Entonces la escritora francesa Anna Gavalda la tradujo a su idioma y remó por ella hasta llamar la atención de crítica y lectores de su país. El fenómeno cundió por los países de Europa y llegó a nuestras costas: una espléndida novela norteamericana que los norteamericanos no sabían apreciar. Cuando el gran escritor inglés Julian Barnes terminó de leerla, le preguntó a su colega Lorrie Moore al otro lado del Atlántico qué les pasaba a los escritores yanquis con Stoner. Moore le contestó: “A nosotros nos parece un librito adorable pero menor, muy bien escrito pero parecido a muchos otros, casi único en su tristeza pero en última instancia fallido”. Barnes comenta que esta interpretación quizá se deba a otro motivo: los personajes callados y estoicos como Stoner, en la literatura norteamericana (de Cheever a Carver), casi invariablemente se apoyan en el alcoholismo para sobrellevar sus desgracias, pero en Stoner no hay alcohol. Tampoco se menciona a Dios en ningún momento, y los norteamericanos no entienden la resistencia a la desgracia si no se apoya en una u otra de esas muletas.
Cuando dije que el autor de Stoner era profesor universitario igual que su personaje y, como él, hijo de granjeros pobres, me faltó agregar que armó su criatura de dos mitades: una era autobiográfica, pero la otra era biográfica. Williams tomó esa otra mitad de Stoner de un colega suyo de facultad llamado JV Cunningham. No sólo en su aspecto más obvio (Cunningham tuvo un largo matrimonio infeliz y una hija que también fue muy infeliz, tal como Stoner). Además, Cunningham fue un poeta poco prolífico: su Obra Completa, hecha de breves poemas que son casi epigramas y hoy reeditada y celebrada, no alcanza las 150 páginas. Cunningham supo decir, con la misma callada resignación de Stoner: “La brevedad es mi defecto”. El hallazgo de Williams fue imaginar un Cunningham que no hubiera escrito esos pequeños poemas; que sólo los tuviera embotellados sin saberlo dentro de sí mismo.
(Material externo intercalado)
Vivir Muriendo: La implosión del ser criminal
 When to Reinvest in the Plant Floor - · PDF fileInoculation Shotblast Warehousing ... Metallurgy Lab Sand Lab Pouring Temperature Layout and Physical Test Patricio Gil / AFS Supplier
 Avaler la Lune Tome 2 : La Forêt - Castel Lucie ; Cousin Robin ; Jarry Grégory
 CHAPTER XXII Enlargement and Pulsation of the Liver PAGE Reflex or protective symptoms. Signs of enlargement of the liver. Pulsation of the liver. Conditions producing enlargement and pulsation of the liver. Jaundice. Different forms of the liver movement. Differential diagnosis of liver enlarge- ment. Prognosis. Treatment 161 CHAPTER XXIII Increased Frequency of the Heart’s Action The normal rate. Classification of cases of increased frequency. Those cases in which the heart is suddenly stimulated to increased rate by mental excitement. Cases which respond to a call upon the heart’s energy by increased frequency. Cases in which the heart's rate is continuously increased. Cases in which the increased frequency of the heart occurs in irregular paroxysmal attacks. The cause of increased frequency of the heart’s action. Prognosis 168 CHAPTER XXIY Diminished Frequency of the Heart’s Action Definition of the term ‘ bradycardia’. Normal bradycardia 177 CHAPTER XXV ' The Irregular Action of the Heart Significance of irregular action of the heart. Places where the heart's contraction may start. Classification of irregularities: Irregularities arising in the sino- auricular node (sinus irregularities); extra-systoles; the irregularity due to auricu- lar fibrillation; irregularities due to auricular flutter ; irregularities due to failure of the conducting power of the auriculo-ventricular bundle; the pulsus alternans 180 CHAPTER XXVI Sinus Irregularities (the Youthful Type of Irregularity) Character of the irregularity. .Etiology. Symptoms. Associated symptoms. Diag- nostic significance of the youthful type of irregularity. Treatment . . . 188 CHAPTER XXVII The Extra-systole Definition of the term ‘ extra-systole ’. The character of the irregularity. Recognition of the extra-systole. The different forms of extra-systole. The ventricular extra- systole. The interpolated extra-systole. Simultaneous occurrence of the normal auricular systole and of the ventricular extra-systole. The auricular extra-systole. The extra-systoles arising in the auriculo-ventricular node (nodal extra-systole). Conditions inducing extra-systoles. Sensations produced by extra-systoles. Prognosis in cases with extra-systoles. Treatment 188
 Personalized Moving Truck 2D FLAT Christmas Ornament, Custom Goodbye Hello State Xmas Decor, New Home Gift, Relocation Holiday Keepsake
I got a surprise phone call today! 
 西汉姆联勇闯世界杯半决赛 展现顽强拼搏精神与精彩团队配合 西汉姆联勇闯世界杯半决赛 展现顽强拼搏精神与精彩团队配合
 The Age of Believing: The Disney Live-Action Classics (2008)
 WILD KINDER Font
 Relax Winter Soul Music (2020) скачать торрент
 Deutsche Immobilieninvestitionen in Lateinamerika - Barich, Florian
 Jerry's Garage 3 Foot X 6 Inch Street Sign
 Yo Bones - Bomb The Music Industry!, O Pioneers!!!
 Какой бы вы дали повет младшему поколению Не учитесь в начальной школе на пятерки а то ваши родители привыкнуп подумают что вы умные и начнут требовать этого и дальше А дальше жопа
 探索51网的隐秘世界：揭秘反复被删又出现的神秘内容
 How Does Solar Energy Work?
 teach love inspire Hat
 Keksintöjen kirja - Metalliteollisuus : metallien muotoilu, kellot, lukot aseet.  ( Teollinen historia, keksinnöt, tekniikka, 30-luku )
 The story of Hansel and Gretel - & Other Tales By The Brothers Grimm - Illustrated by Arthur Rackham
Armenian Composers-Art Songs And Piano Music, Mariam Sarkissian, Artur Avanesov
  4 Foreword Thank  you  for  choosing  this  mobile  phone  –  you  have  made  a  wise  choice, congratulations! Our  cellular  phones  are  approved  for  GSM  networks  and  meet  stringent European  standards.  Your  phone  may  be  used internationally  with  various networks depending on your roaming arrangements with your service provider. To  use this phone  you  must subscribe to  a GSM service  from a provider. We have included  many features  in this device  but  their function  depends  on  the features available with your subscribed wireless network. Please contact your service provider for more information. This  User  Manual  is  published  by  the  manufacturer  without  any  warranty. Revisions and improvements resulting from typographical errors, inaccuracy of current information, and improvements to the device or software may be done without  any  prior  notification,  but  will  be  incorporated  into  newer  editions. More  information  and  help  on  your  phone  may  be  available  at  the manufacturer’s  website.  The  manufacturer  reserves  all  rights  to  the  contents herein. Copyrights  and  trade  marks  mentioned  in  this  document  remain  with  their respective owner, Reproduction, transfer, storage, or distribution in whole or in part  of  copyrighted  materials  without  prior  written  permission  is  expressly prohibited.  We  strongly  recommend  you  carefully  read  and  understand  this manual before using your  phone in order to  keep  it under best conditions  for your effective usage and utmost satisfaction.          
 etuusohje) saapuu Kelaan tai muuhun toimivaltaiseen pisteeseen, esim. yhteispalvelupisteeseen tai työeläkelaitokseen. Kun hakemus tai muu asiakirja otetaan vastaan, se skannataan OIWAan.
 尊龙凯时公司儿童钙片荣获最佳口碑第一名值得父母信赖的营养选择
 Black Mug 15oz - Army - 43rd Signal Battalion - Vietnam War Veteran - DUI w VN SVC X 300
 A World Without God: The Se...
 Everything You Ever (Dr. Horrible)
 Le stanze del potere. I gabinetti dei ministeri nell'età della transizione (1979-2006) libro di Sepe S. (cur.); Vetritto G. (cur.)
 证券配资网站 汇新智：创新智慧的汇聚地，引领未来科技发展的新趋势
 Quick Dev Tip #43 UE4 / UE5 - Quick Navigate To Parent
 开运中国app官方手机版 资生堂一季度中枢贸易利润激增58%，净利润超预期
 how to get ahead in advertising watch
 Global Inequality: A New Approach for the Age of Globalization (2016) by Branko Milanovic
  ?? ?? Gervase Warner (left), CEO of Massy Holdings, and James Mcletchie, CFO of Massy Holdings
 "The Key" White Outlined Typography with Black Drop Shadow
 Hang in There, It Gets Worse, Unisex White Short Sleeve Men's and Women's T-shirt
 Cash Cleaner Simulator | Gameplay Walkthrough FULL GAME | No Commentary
Miren la foto que acompaña estas líneas: es la cara de JV Cunnigham, es la cara que imagino que veían los alumnos que se cruzaban con el profesor Stoner caminando por el campus.
JV Cunningham también supo declarar: “Si mi obra no es de este tiempo, es parte de la evidencia de lo que fueron estos tiempos”. Siete años después de publicar Stoner sin pena ni gloria, John Williams escribió una novela más, sobre Roma antigua (Augustus), que le hizo ganar el National Book Award a medias con John Barth, el celebrado novelista experimental mimado por la crítica. Fue su único momento de gloria pero prefirió no disfrutarlo en persona: no fue a la premiación, quizás anticipando el desvaído elogio que le dedicó el jurado a su novelita provinciana, tan a contrapelo de la estética imperante. Igual que cuando murió, en 1994, y las necrológicas de los diarios lo despidieron más como educador que como escritor. No importa: hoy por suerte sabemos lo que era en realidad.